-
2. Re: Is it a bug of Distiller?
Bill@VT May 11, 2014 6:14 PM (in response to PigPigPig)Are the fonts embedded in the PDF? When you extract text, you generally have to have the fonts on your system. However, if you created the PDF from WORD, why not just go to the WORD document. That is much more effective as editing and extraction issues with PDFs is not normally recommended. Have you tried to save the PDF as a DOCX file and see if that gives you want you want?
-
3. Re: Is it a bug of Distiller?
PigPigPig May 11, 2014 6:54 PM (in response to Bill@VT)I am sure I have the font in my system and the font is embedded in the PDF. I had tried to save the PDF as a DOCX file and it is different from the PDF. Some characters miss. I am a software engineer. I found parts of Arabic PDF files can't be correctly extracted. I tried to debug them and reproduce the bug. I guess its cmap is wrong or is incomplete so that we can't correctly extract its texts. I don't know why Adobe Acrobat generates an incomplete cmap.
-
4. Re: Is it a bug of Distiller?
PigPigPig May 12, 2014 2:35 AM (in response to PigPigPig)Shall I move the question to PDF Language and Specifications?
-
5. Re: Is it a bug of Distiller?
Test Screen Name May 12, 2014 5:06 AM (in response to PigPigPig)I cannot find liga.0758.medi.alt1 (U+10354) in any Unicode chart or discussion.

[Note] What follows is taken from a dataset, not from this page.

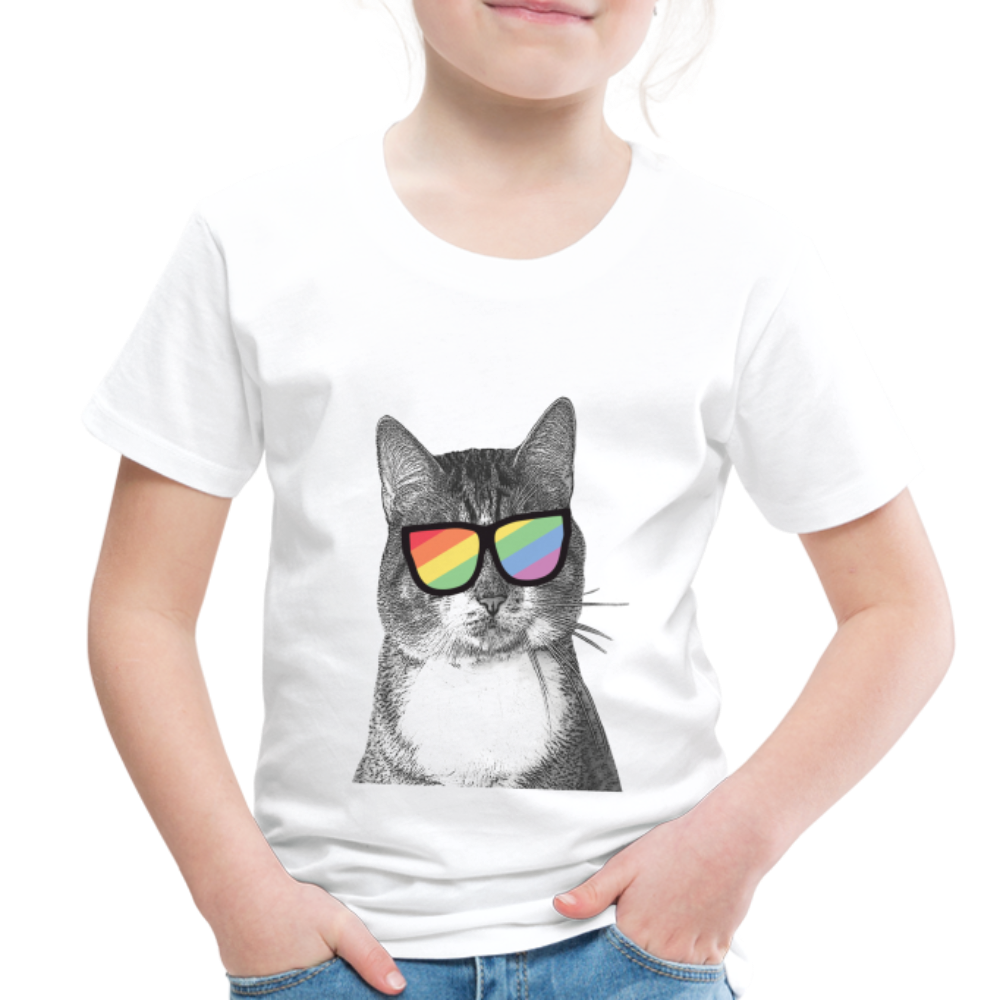 
                  
                    Pride Cat Toddler Premium T-Shirt - white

These do not seem to be part of the Unicode standard.
-
-
7. Re: Is it a bug of Distiller?
Test Screen Name May 12, 2014 8:19 AM (in response to PigPigPig)It may not be working because it is not standard Unicode. Perhaps Distiller has no ability or wish to map to private Unicode ranges, because this has little value in text extraction. I believe it uses only standard Unicode characters, so the choice of font for text extraction is not crucial.
-
8. Re: Is it a bug of Distiller?
PigPigPig May 12, 2014 8:54 AM (in response to Test Screen Name)I am not familiar with opentype or truetype font. Maybe what you said is a reason. However standard unicode FEE0 is also a substitution of standard unicode 0644. Why does adobe acrobat choose U+10354 instead of U+FEE0, if Distiller has no ability to map to private Unicode ranges?
-
-
10. Re: Is it a bug of Distiller?
Test Screen Name May 12, 2014 9:40 AM (in response to PigPigPig)It seems to me that, yes, that is a problem. Text extraction is just a question of getting out Unicode values. If fonts use private ranges I don't see that it can work.